“small money – Big Impact. Mikrofinanz: Leben ohne Armut” von Peter Fanconi und Patrick Scheurle

Von Ralf Keuper

Noch immer ist die Armut in der Welt weit verbreitet und hindert die Menschen daran, ein Leben führen zu können, das weitgehend frei ist von Krankheit, Hunger und materiell bedingten Beeinträchtigungen der persönlichen Freiheit. Ein Punkt, auf den Peter Fanconi und Patrick Scheurle in ihrem Buch small money – Big Impact. Mikrofinanz: Leben ohne Artmut gleich zu Beginn hinweisen.

Armut verhindert eine ausreichende Nahrungsaufnahme, ruft Hungersnöte hervor und gefährdet somit die Gesundheit der Menschen. Wer in Armut lebt, ist anfällig für Krankheiten, hat kaum Bildungsmöglichkeiten, und besonders Frauen sind oft Opfer von physischer und psychischer Gewalt. 

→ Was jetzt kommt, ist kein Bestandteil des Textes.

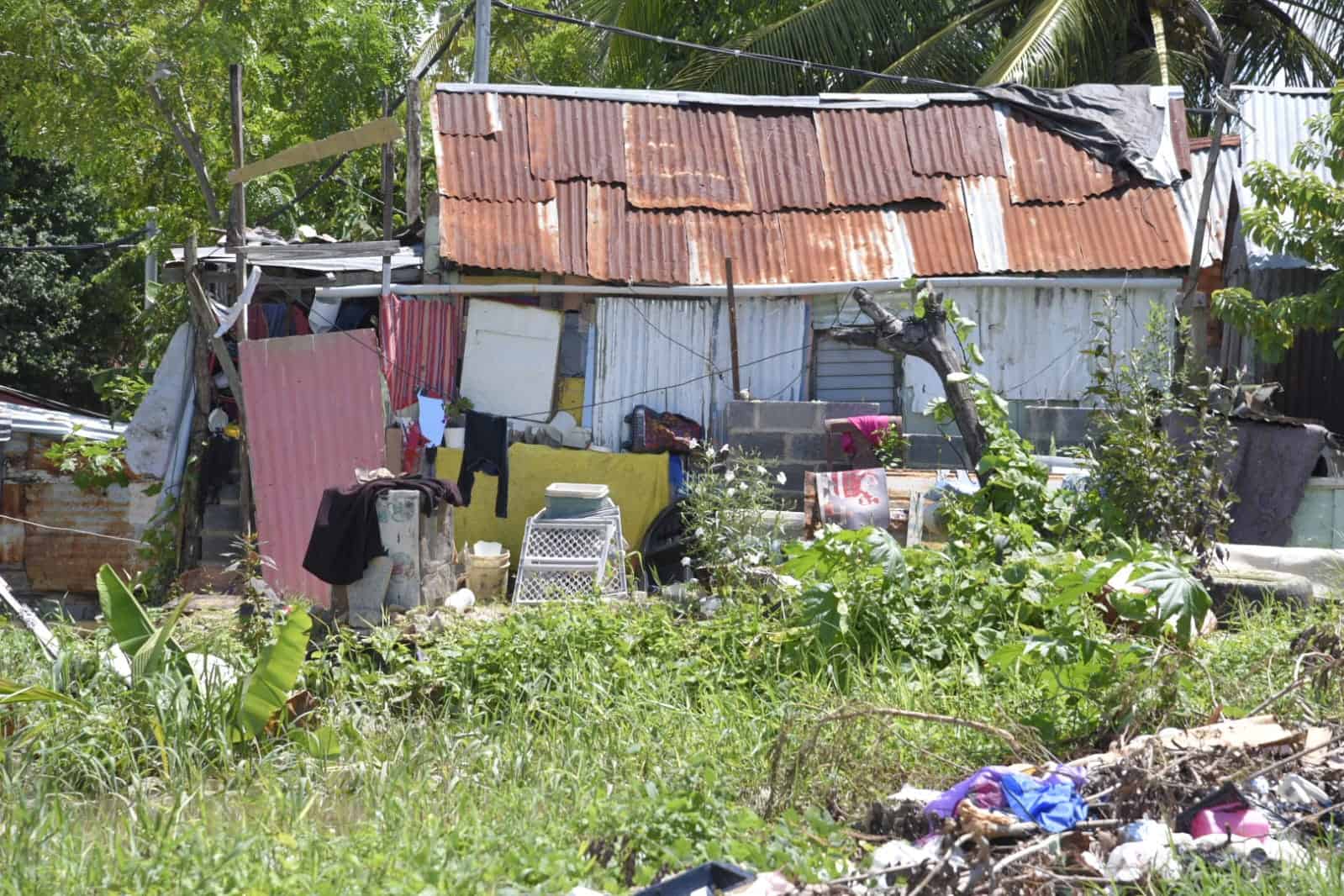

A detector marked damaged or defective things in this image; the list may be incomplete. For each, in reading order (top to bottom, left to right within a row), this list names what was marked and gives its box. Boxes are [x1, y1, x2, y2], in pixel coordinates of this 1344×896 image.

rusty corrugated roof [437, 92, 504, 135]
rusty corrugated roof [437, 94, 551, 203]
rusty corrugated roof [528, 97, 629, 183]
rusty corrugated roof [622, 103, 756, 212]
rusty corrugated roof [736, 110, 830, 209]
rusty corrugated roof [437, 84, 1190, 281]
rusty corrugated roof [814, 108, 941, 204]
rusty corrugated roof [901, 103, 1009, 178]
rusty corrugated roof [1002, 106, 1130, 203]
rusty corrugated roof [440, 198, 561, 272]
rusty corrugated roof [585, 185, 689, 286]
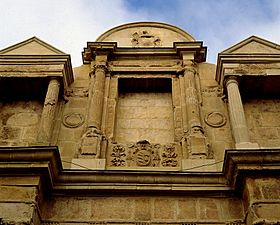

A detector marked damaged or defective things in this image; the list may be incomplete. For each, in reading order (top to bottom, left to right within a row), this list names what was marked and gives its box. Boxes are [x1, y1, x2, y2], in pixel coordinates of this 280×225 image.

broken pediment [0, 36, 65, 55]
broken pediment [221, 35, 280, 54]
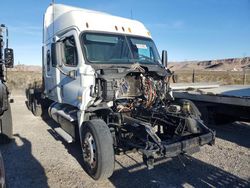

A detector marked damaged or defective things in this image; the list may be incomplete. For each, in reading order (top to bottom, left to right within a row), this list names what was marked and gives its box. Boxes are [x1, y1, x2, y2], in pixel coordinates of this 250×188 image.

damaged truck cab [26, 3, 215, 180]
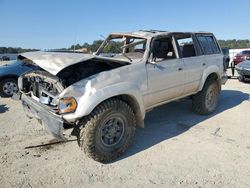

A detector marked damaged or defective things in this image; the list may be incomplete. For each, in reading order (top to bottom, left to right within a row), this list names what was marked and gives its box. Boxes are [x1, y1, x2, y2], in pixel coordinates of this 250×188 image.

Dagegen gibt es zwar noch immer kein “Patentrezept”, jedoch steht mit der Mikrofinanz seit einiger Zeit ein Mittel zur Verfügung, dessen nachhaltige Erfolge nach Ansicht der Autoren nicht mehr zu übersehen sind. Bekannt wurde das Konzept der Mikrofinanz durch die von Muhammed Yunus im Jahr 1983 gegründete Grameen Bank
Mikrofinanzinstitute
Durch die Vergabe von Kleinkrediten an Menschen, die bisher keinen Zugang zum Finanzsystem hatten, soll nicht nur das Leben der einzelnen, sondern auch das der Gesellschaft als Ganzes dauerhaft verbessert werden. Auf einen gemeinsamen Nenner gebracht, lassen sich Mikrofinanzinstitute wie folgt beschreiben:

Als MFI im engeren Sinne werden daher formelle und halbformelle Finanzdienstleister bezeichnet, deren Hauptzweck in der Bereitstellung von Finanzdienstleistungen im unteren Marktsegment liegt. 

Bandbreite der Mikrokredite
Als Beispiele für die Bankbreite des Mikrokredits bringen die Autoren u.a. das Tameer Karobar Loan und das Agri Group Loan: 

Der Tameer Karobar Loan ist ein massgeschneidertes Darlehen für Mikrounternehmer, um Umlaufvermögen zu finanzieren oder Investitionen zu tätigen. Das Darlehen wir zu gleich hohen Raten auf monatlicher Basis zurückgezahlt. Da dieser Kredit monatliche Rückzahlungen beinhaltet ist er nur für Kleinstunternehmer geeignet, die mit ihrem Geschäftsmodell regelmässige Zahlungsflüsse erzeugen können. Ein Beispiel hierfür wäre ein Mikrounternehmer, der in der Stadt wohnt und einen Friseursalon besitzt. Im Optimalfall kann er durch den regelmäßigen Besuch von Kunden jederzeit seine Verbindlichkeiten abtragen.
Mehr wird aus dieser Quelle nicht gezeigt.